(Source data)
═══

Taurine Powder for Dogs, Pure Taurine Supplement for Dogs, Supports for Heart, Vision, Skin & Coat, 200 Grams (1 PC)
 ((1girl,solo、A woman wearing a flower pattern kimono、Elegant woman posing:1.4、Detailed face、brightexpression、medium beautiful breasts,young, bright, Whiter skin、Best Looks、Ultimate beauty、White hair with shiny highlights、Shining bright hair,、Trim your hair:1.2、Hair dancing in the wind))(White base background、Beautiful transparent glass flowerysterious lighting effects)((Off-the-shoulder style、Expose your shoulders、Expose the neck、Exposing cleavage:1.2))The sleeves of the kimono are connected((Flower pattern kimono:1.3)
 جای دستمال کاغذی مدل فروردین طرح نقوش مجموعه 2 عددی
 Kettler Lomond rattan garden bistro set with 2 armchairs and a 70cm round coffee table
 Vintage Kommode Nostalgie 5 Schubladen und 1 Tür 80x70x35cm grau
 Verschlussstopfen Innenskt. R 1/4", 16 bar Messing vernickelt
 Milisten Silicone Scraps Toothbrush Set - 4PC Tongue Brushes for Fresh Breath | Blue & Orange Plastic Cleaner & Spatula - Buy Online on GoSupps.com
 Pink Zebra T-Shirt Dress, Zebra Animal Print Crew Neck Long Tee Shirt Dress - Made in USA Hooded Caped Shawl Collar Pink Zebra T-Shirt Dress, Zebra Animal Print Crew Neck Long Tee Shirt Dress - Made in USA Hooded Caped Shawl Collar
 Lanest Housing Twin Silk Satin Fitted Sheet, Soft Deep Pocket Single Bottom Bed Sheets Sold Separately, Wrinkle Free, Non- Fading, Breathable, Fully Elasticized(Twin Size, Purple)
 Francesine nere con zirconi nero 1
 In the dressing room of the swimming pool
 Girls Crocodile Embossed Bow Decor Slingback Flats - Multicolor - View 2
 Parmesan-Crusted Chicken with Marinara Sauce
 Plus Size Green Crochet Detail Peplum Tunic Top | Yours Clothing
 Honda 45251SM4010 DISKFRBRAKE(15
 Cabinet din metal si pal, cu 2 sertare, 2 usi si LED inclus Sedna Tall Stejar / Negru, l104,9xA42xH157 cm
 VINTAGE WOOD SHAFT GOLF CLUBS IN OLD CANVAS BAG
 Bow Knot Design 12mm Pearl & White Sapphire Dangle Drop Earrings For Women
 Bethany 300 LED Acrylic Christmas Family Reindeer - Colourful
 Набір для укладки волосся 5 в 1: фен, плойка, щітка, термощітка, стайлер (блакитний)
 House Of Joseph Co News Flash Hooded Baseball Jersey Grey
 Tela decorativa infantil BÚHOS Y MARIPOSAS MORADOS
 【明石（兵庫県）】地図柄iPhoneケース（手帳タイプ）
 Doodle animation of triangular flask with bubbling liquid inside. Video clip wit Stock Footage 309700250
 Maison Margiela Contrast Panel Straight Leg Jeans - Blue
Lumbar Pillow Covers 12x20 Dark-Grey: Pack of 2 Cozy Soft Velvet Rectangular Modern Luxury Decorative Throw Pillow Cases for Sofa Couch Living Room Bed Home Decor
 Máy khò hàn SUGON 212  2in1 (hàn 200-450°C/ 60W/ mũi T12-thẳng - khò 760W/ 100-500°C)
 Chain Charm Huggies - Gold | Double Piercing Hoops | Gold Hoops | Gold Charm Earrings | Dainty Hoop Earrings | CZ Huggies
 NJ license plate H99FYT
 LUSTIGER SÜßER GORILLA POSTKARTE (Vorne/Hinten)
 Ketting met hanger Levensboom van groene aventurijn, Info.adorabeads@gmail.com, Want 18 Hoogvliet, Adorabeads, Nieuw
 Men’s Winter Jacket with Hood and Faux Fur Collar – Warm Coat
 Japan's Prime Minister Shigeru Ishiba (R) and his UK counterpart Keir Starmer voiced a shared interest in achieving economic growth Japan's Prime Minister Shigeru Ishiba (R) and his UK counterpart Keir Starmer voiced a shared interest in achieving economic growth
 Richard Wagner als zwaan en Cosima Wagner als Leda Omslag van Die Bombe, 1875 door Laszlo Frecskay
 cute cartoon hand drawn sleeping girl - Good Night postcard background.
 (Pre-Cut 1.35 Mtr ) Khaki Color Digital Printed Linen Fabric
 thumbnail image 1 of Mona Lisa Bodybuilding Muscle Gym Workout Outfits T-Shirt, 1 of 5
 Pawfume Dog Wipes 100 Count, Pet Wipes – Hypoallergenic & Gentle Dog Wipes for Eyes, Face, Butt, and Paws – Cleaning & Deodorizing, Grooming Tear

═══

Please retype every entry above exactly as it stands.

» **Result**
Taurine Powder for Dogs, Pure Taurine Supplement for Dogs, Supports for Heart, Vision, Skin & Coat, 200 Grams (1 PC)
 ((1girl,solo、A woman wearing a flower pattern kimono、Elegant woman posing:1.4、Detailed face、brightexpression、medium beautiful breasts,young, bright, Whiter skin、Best Looks、Ultimate beauty、White hair with shiny highlights、Shining bright hair,、Trim your hair:1.2、Hair dancing in the wind))(White base background、Beautiful transparent glass flowerysterious lighting effects)((Off-the-shoulder style、Expose your shoulders、Expose the neck、Exposing cleavage:1.2))The sleeves of the kimono are connected((Flower pattern kimono:1.3)
 جای دستمال کاغذی مدل فروردین طرح نقوش مجموعه 2 عددی
 Kettler Lomond rattan garden bistro set with 2 armchairs and a 70cm round coffee table
 Vintage Kommode Nostalgie 5 Schubladen und 1 Tür 80x70x35cm grau
 Verschlussstopfen Innenskt. R 1/4", 16 bar Messing vernickelt
 Milisten Silicone Scraps Toothbrush Set - 4PC Tongue Brushes for Fresh Breath | Blue & Orange Plastic Cleaner & Spatula - Buy Online on GoSupps.com
 Pink Zebra T-Shirt Dress, Zebra Animal Print Crew Neck Long Tee Shirt Dress - Made in USA Hooded Caped Shawl Collar Pink Zebra T-Shirt Dress, Zebra Animal Print Crew Neck Long Tee Shirt Dress - Made in USA Hooded Caped Shawl Collar
 Lanest Housing Twin Silk Satin Fitted Sheet, Soft Deep Pocket Single Bottom Bed Sheets Sold Separately, Wrinkle Free, Non- Fading, Breathable, Fully Elasticized(Twin Size, Purple)
 Francesine nere con zirconi nero 1
 In the dressing room of the swimming pool
 Girls Crocodile Embossed Bow Decor Slingback Flats - Multicolor - View 2
 Parmesan-Crusted Chicken with Marinara Sauce
 Plus Size Green Crochet Detail Peplum Tunic Top | Yours Clothing
 Honda 45251SM4010 DISKFRBRAKE(15
 Cabinet din metal si pal, cu 2 sertare, 2 usi si LED inclus Sedna Tall Stejar / Negru, l104,9xA42xH157 cm
 VINTAGE WOOD SHAFT GOLF CLUBS IN OLD CANVAS BAG
 Bow Knot Design 12mm Pearl & White Sapphire Dangle Drop Earrings For Women
 Bethany 300 LED Acrylic Christmas Family Reindeer - Colourful
 Набір для укладки волосся 5 в 1: фен, плойка, щітка, термощітка, стайлер (блакитний)
 House Of Joseph Co News Flash Hooded Baseball Jersey Grey
 Tela decorativa infantil BÚHOS Y MARIPOSAS MORADOS
 【明石（兵庫県）】地図柄iPhoneケース（手帳タイプ）
 Doodle animation of triangular flask with bubbling liquid inside. Video clip wit Stock Footage 309700250
 Maison Margiela Contrast Panel Straight Leg Jeans - Blue
Lumbar Pillow Covers 12x20 Dark-Grey: Pack of 2 Cozy Soft Velvet Rectangular Modern Luxury Decorative Throw Pillow Cases for Sofa Couch Living Room Bed Home Decor
 Máy khò hàn SUGON 212  2in1 (hàn 200-450°C/ 60W/ mũi T12-thẳng - khò 760W/ 100-500°C)
 Chain Charm Huggies - Gold | Double Piercing Hoops | Gold Hoops | Gold Charm Earrings | Dainty Hoop Earrings | CZ Huggies
 NJ license plate H99FYT
 LUSTIGER SÜßER GORILLA POSTKARTE (Vorne/Hinten)
 Ketting met hanger Levensboom van groene aventurijn, Info.adorabeads@gmail.com, Want 18 Hoogvliet, Adorabeads, Nieuw
 Men’s Winter Jacket with Hood and Faux Fur Collar – Warm Coat
 Japan's Prime Minister Shigeru Ishiba (R) and his UK counterpart Keir Starmer voiced a shared interest in achieving economic growth Japan's Prime Minister Shigeru Ishiba (R) and his UK counterpart Keir Starmer voiced a shared interest in achieving economic growth
 Richard Wagner als zwaan en Cosima Wagner als Leda Omslag van Die Bombe, 1875 door Laszlo Frecskay
 cute cartoon hand drawn sleeping girl - Good Night postcard background.
 (Pre-Cut 1.35 Mtr ) Khaki Color Digital Printed Linen Fabric
 thumbnail image 1 of Mona Lisa Bodybuilding Muscle Gym Workout Outfits T-Shirt, 1 of 5
 Pawfume Dog Wipes 100 Count, Pet Wipes – Hypoallergenic & Gentle Dog Wipes for Eyes, Face, Butt, and Paws – Cleaning & Deodorizing, Grooming Tear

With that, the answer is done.